Last modified: January 01, 2025
This article is written in: 🇺🇸
Vectors
A vector is a fundamental mathematical entity characterized by both magnitude and direction. Vectors are essential in various fields such as linear algebra, calculus, physics, computer science, data analysis, and machine learning. In the context of NumPy, vectors are represented as one-dimensional arrays, enabling efficient computation and manipulation. This guide delves into the definition of vectors, their properties, and the operations that can be performed on them using NumPy, complemented by practical examples to illustrate each concept.
Vector Definitions
Understanding the basic definitions and properties of vectors is crucial for performing effective computations and leveraging their capabilities in various applications.
Vector in $\mathbb{R}^n$
A vector in $\mathbb{R}^n$ is an ordered collection of $n$ real numbers, where each number represents a component of the vector. This $n$-tuple of real numbers defines both the magnitude and direction of the vector in an $n$-dimensional space.

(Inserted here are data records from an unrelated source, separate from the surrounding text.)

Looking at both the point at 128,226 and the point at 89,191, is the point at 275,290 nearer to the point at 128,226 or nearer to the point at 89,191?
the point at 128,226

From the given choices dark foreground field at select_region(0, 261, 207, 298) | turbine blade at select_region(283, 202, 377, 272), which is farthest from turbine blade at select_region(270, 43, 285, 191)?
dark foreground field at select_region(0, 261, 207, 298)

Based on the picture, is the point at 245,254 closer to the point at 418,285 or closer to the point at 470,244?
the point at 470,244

A vector $\vec{v}$ in $\mathbb{R}^n$ is expressed as $\vec{v} = (v_1, v_2, \ldots, v_n)$, where each $v_i$ is a real number.
Example:
In $\mathbb{R}^3$, a vector can be represented as $\vec{v} = (4, -2, 7)$.
Practical Use Case: Vectors in $\mathbb{R}^n$ are used to represent data points in machine learning, where each component corresponds to a feature of the data.
Row vs. Column Vectors
Vectors can be represented in two distinct forms: row vectors and column vectors. The orientation of a vector affects how it interacts with matrices and other vectors during mathematical operations.
Row Vector:
A row vector displays its elements horizontally and is represented as a $1 \times n$ matrix. A row vector is written as a $1 \times n$ matrix, such as $\begin{bmatrix} 1 & 2 & 3 \end{bmatrix}$.
Example:
$\vec{v} = [1, 2, 3]$ is a row vector in $\mathbb{R}^3$.

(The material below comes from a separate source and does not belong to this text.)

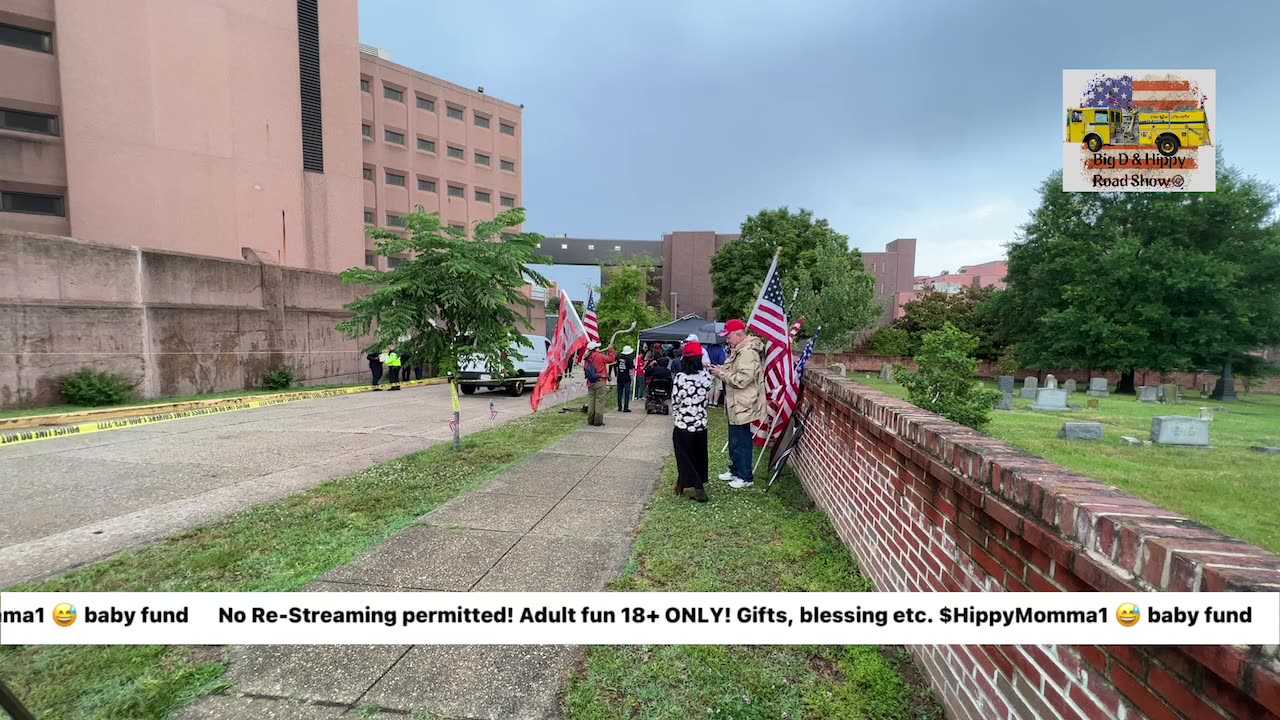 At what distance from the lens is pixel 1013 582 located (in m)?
2.08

Practical Use Case: Row vectors are commonly used to represent individual data samples in a dataset, where each element corresponds to a feature value.
Column Vector:
A column vector displays its elements vertically and is represented as an $n \times 1$ matrix.
A column vector is written as an $n \times 1$ matrix, such as:
$$ \begin{bmatrix} 1 \\ 2 \\ 3 \end{bmatrix} $$
Practical Use Case: Column vectors are used in linear transformations and matrix operations, where they can be multiplied by matrices to perform operations like rotations and scaling.
Transpose
The transpose of a vector changes its orientation from a row vector to a column vector or vice versa. Transposing is a fundamental operation in linear algebra, facilitating various matrix and vector computations.
- Transposing a vector converts a row vector to a column vector and a column vector to a row vector.
- The transpose of a vector $\vec{v}$ is denoted as $\vec{v}^T$.
- If $\vec{v} = [1, 2, 3]$ (a row vector), then $\vec{v}^T$ is:
$$ \vec{v}^T = \begin{bmatrix} 1 \ 2 \ 3 \end{bmatrix} $$
- Practical Use Case: Transposing vectors is essential when performing dot products between row and column vectors or when aligning data structures for matrix multiplication.
Norm
The norm of a vector quantifies its magnitude or length. Various norms can be used depending on the context, each providing a different measure of the vector's size.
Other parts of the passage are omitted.